SUPPLIED MATERIAL START

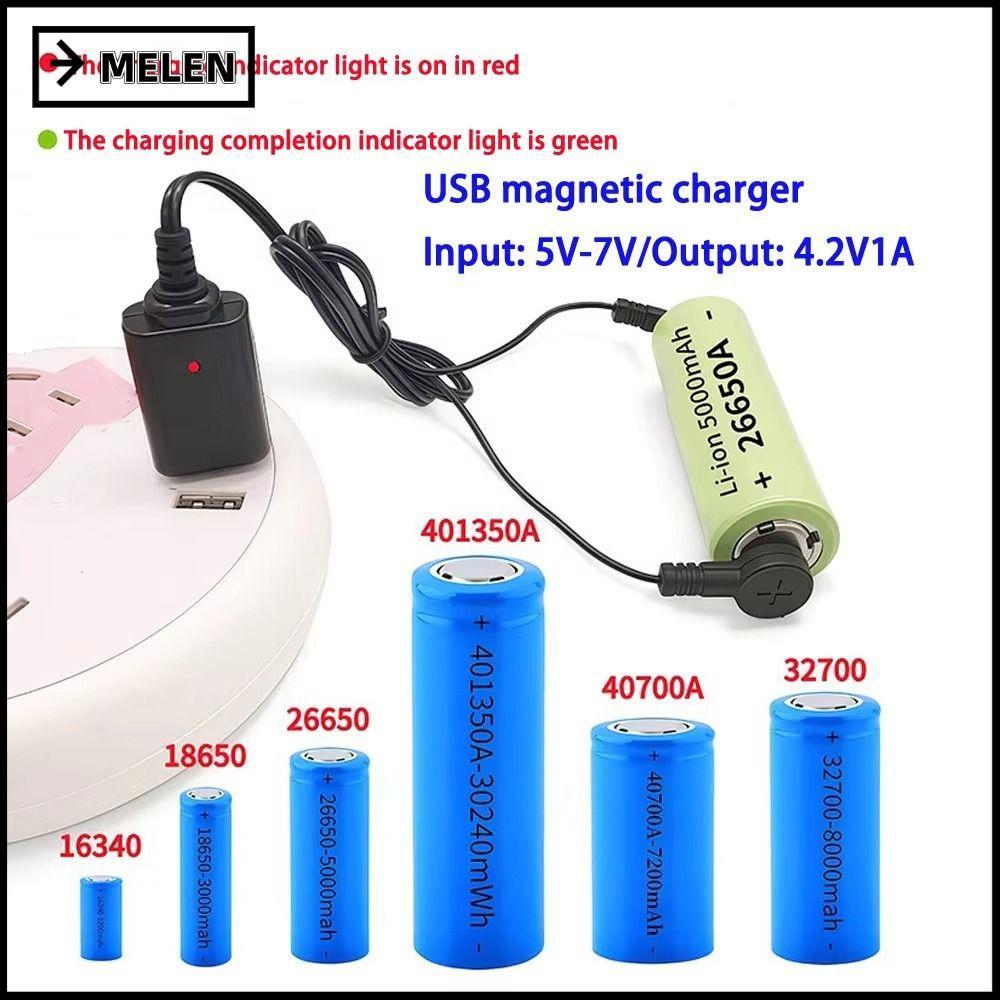 MELEN สายชาร์จแบตเตอรี่ 1 ชิ้น, USB Universal Lithium Battery Charger, 3.7V 4.2V Magnetic USB Magnetic Charger สําหรับ 18650 16340 26650 แบตเตอรี่
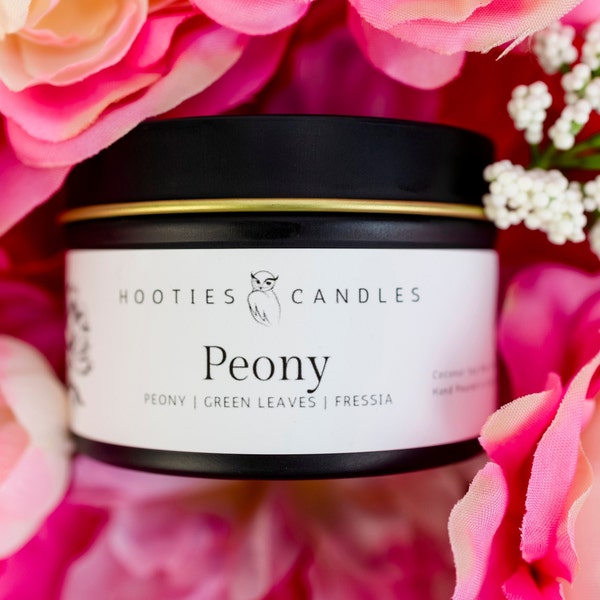 Pfingstrose Sojakerze: Handgemachte 110 Reisekerze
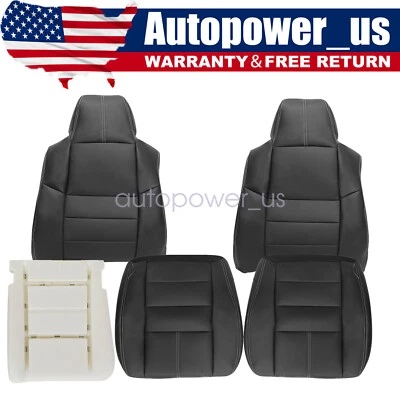 For 2008-2010 Ford F250 Super Duty Front Seat Cover Black & Driver Foam Cushion - Image 1 of 4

SUPPLIED MATERIAL END

▸ **INSTRUCTIONS TO FOLLOW**:
Return the listing unchanged except for the pictures, which should be dropped.

▸ **RESPONSE FOR THIS EXERCISE**:
 MELEN สายชาร์จแบตเตอรี่ 1 ชิ้น, USB Universal Lithium Battery Charger, 3.7V 4.2V Magnetic USB Magnetic Charger สําหรับ 18650 16340 26650 แบตเตอรี่
 Pfingstrose Sojakerze: Handgemachte 110 Reisekerze
 For 2008-2010 Ford F250 Super Duty Front Seat Cover Black & Driver Foam Cushion - Image 1 of 4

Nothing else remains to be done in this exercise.